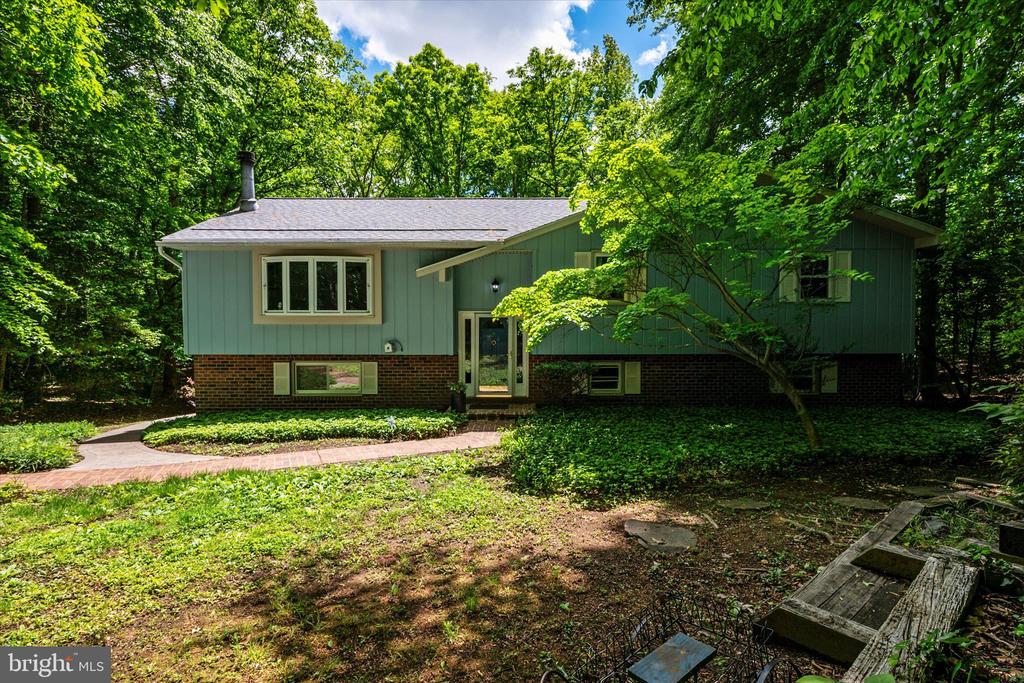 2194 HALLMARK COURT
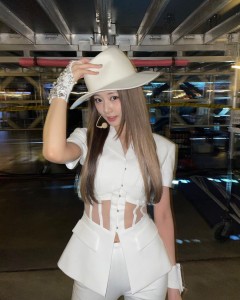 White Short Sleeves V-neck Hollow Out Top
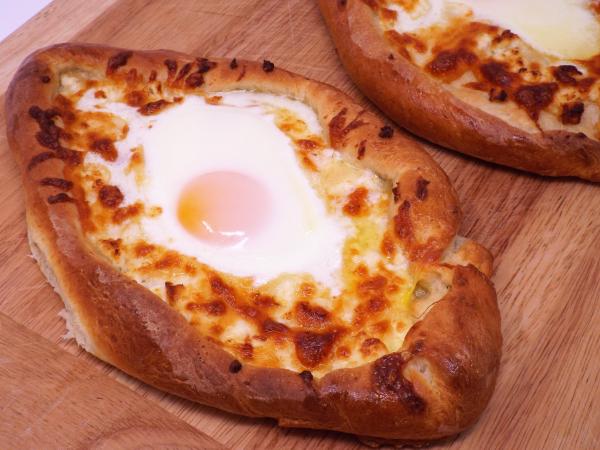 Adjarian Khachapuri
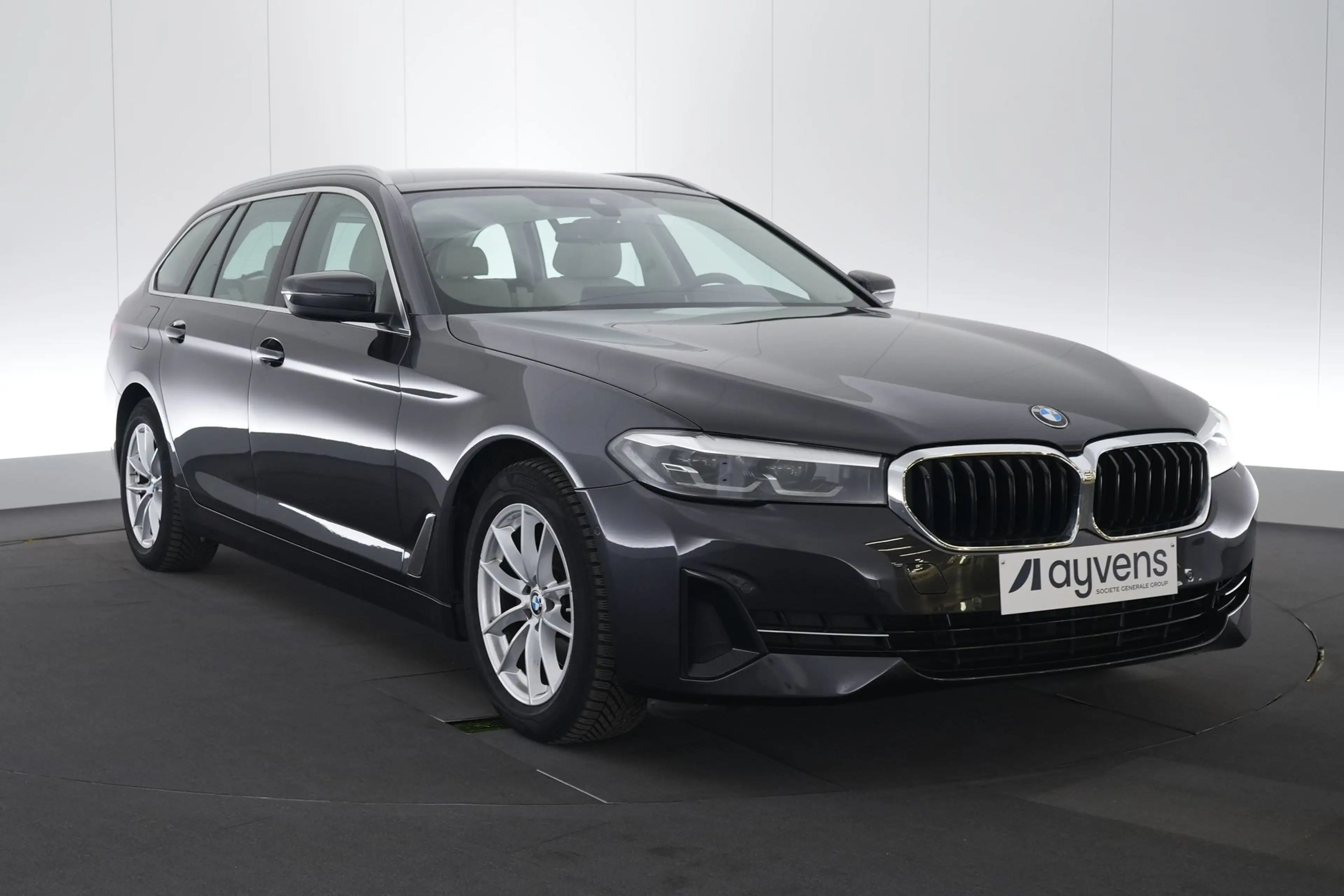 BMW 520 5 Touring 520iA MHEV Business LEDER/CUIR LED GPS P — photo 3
--
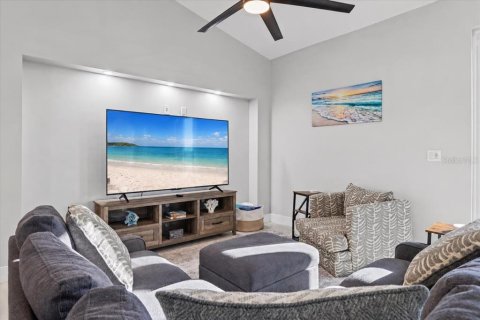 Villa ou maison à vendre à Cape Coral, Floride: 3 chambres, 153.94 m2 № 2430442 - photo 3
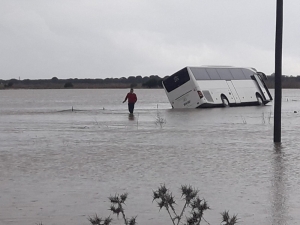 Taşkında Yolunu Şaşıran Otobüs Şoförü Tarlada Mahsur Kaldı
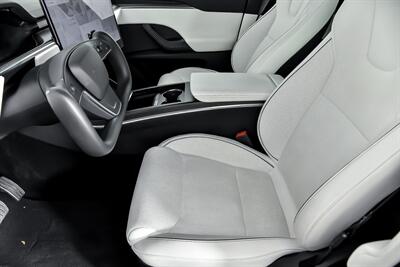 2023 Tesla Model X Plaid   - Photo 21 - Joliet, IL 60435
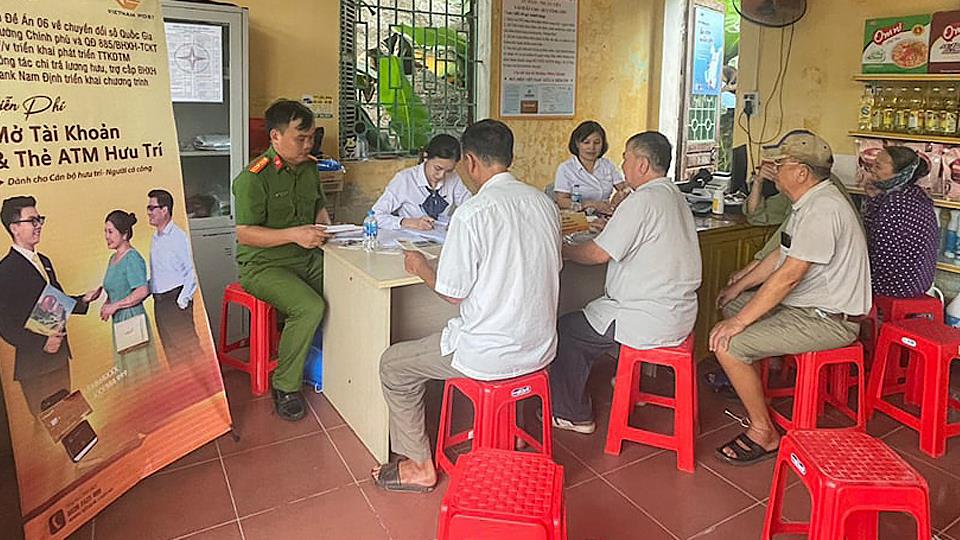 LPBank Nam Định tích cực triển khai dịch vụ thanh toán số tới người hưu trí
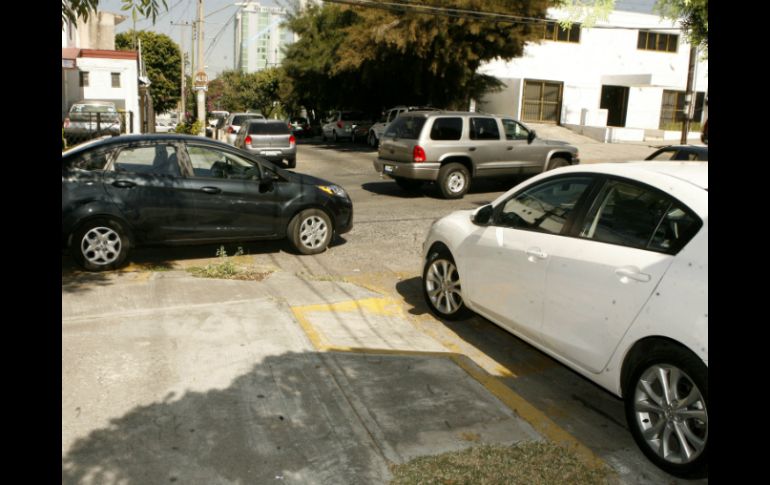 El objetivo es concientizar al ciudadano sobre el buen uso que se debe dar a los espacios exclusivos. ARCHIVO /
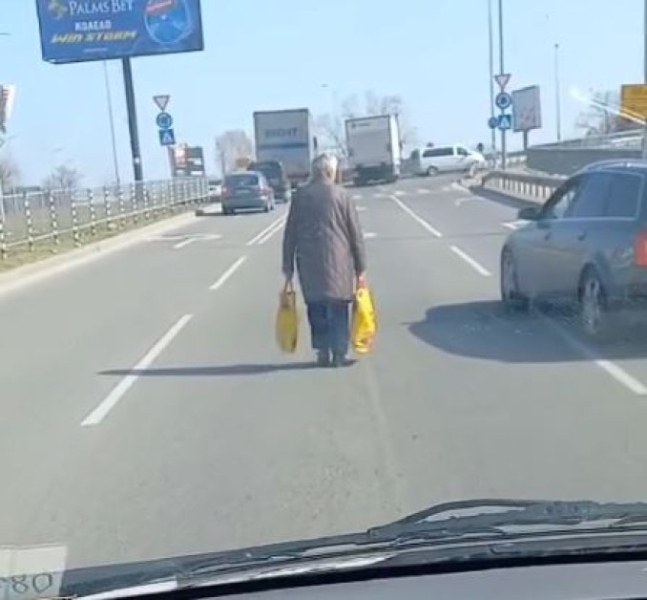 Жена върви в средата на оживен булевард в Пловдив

## WHAT NEEDS TO BE DONE
Print, exactly, each line above from the one with "LPBank Nam Định" to the one with "Жена върви в", end lines included. Leave pictures out of it.

## SOLVED EXERCISE
 LPBank Nam Định tích cực triển khai dịch vụ thanh toán số tới người hưu trí
 El objetivo es concientizar al ciudadano sobre el buen uso que se debe dar a los espacios exclusivos. ARCHIVO /
 Жена върви в средата на оживен булевард в Пловдив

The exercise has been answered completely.